Take a deep breath and watch your mouth. NOONE knows anyone that will climb for that! And if they are willing to climb for that all of us already know the results that will insue.


----------



## jose nj (Jul 12, 2007)

*i care*



Treeman587 said:


> What about a FOREIGNER working on the 4th impresses you? What do they care about OUR independance day?



i care about that i donth work on the 4th im' a FOREIGNER so what


----------



## woodchux (Jul 12, 2007)

There is alot of guys in south carolina that will climb for $100 - $125 day...
But you usually get what you pay for.


----------



## DDM (Jul 12, 2007)

oldirty said:


> hey DDM. is that 550 for a climber or a solid ground guy?
> oldirty



Sorry missed your post. Thats for a groundie. I'm doing all my own climbing now 
but I've had Climbers approach me and tell me they would climb for 13.00 an hr.
Last one i had Climbed about 2 days a week and ran the bucket for 3 i was paying him 18.00 .


----------



## clearance (Jul 17, 2008)

Treeinnovator said:


> hired my first Guatamalans yesterday. WOW am i impressed !!!
> these guys are like renting a bunch of mini-loaders. they work like robot ants. hardly any breaks, no whining, no complaining, willing to work for 12 hours straight, and will lift ANYTHING on their shoulders.
> 
> I will NEVER EVER hire another white male again. I'm white and i know how we all think and work. we don't hold a candle to their guatamalan work ethic. you truly get double the work out of them for the same pay rate.



.


----------



## Brush Hog (Jul 17, 2008)

Isn't this the same knucklehead who said " I fired all my helpers and bought a 4x4 lift with a 8 ft wide basket to do tree work that costs big $$ to move". Now that's a smart idea. Then brags about Guats. that he "treats" them gas station hot dogs and water. Then says they are bringing in another boat full of them to hire. This will bite him in the ass in time. All I have to say is   Don't let the door hit you in the ass MORON!!!!!!!


----------



## hornett224 (Jul 17, 2008)

*i'm white and i'll work all day and into the dark.*



Treeinnovator said:


> the best solution is to simply stop hiring white males and start hiring immigrants who know what the word "work" really means and respects your investment as the business owner.
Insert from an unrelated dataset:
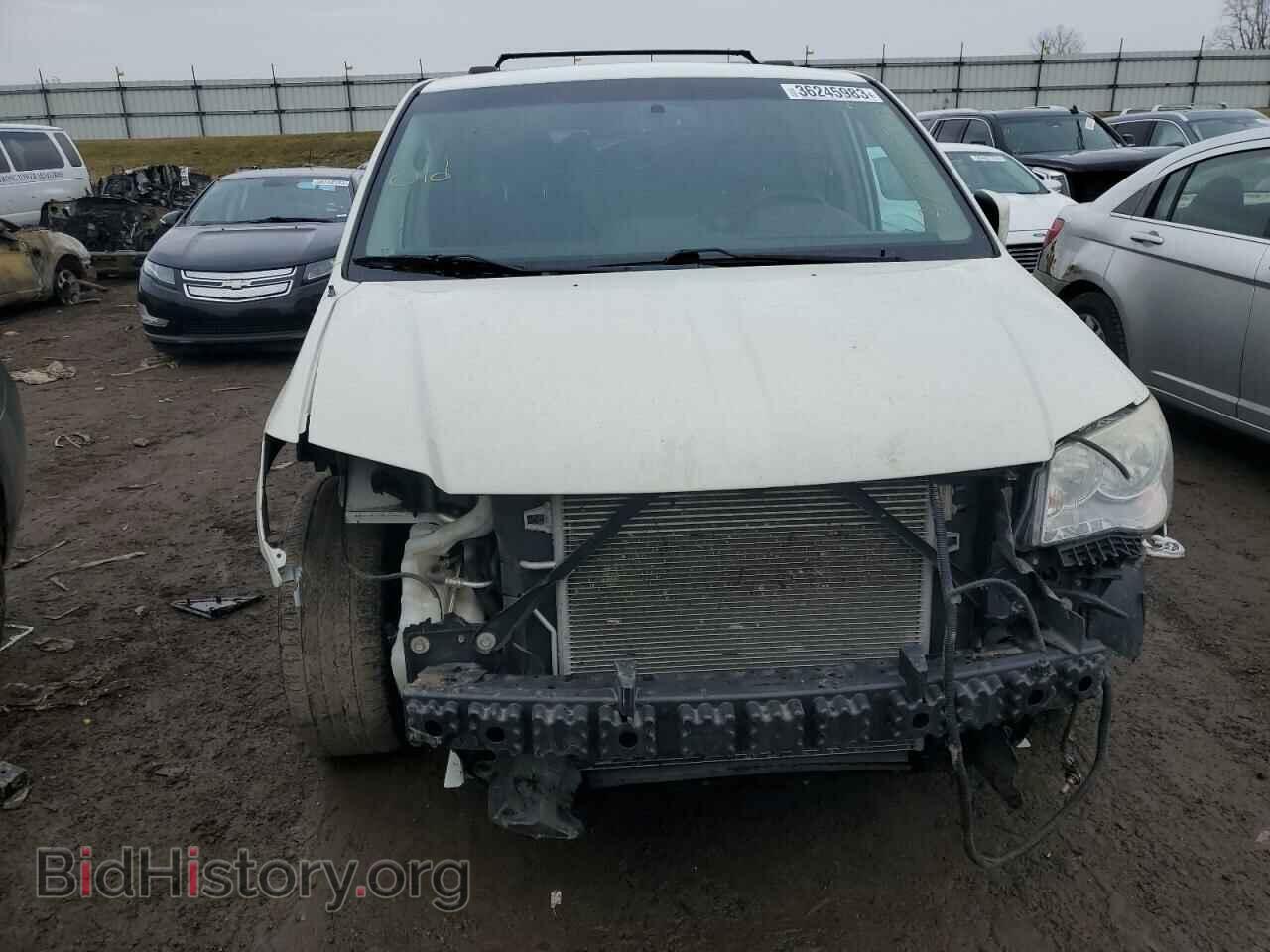 2012 CHRYSLER MINIVAN - VIN: 2C4RC1BG0CR330827 - Фото 5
i just won't do it for nothing or for an a$$hole.


----------



## clearance (Jul 17, 2008)

Brush Hog said:


> Isn't this the same knucklehead who said " I fired all my helpers and bought a 4x4 lift with a 8 ft wide basket to do tree work that costs big $$ to move". Now that's a smart idea. Then brags about Guats. that he "treats" them gas station hot dogs and water. Then says they are bringing in another boat full of them to hire. This will bite him in the ass in time. All I have to say is   Don't let the door hit you in the ass MORON!!!!!!!



Yes it is, that is why I found this and revived it.


----------



## mckeetree (Jul 17, 2008)

Brush Hog said:


> Isn't this the same knucklehead who said " I fired all my helpers and bought a 4x4 lift with a 8 ft wide basket to do tree work that costs big $$ to move". Now that's a smart idea. Then brags about Guats. that he "treats" them gas station hot dogs and water. Then says they are bringing in another boat full of them to hire. This will bite him in the ass in time. All I have to say is   Don't let the door hit you in the ass MORON!!!!!!!
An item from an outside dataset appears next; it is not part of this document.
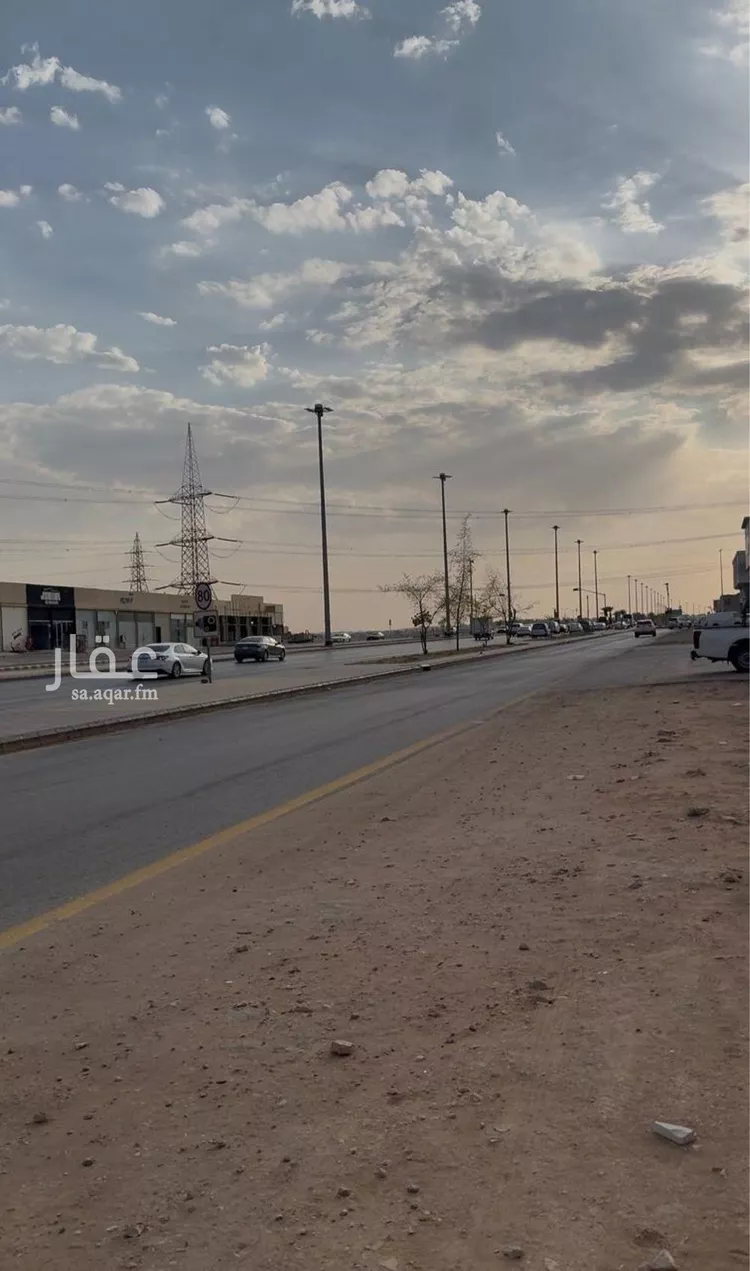Land for Rent in Riyadh Dhahrat Namar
I think he makes all that sh!t up. Nobody in real life is that big of a moron.


----------



## TimberMcPherson (Jul 17, 2008)

I think he has good ideas, I have refined his guatamalan system and made it better.
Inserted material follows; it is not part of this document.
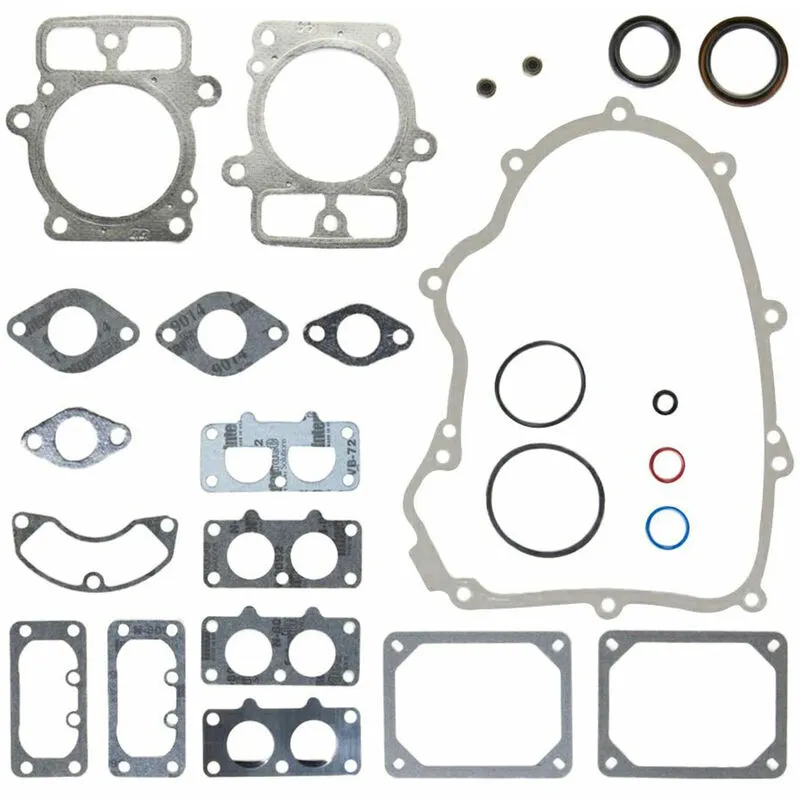 Serie guarnizioni Intek bicilindrici verticali da 18 a 22 hp 405700-320036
I contacted a aid organisation in africa and offered to sponsor a bunch of kids to come live in my loving family. I was lucky to be able to pick myself up a bunch of kids that after a long violent civil war, are well versed in the use of a machette although they do have a drug dependancy which I as a keen business minded kind of guy, I can only see as a great advantage as they will always look to me for there vital needs.

So I have a dozen drug dependant machette weilding kids with alot of love and energy to give, so they all became my tree crew/tree cutting family.
These kids and there machettes have replaced nearly every bit of gear I own and gear I have wanted to own. I just have to point to something, shake a little bag of there favourite drug fix and those kids will hack to there hearts content until I tell them to stop or they just plum collapse from fatigue.Bless em.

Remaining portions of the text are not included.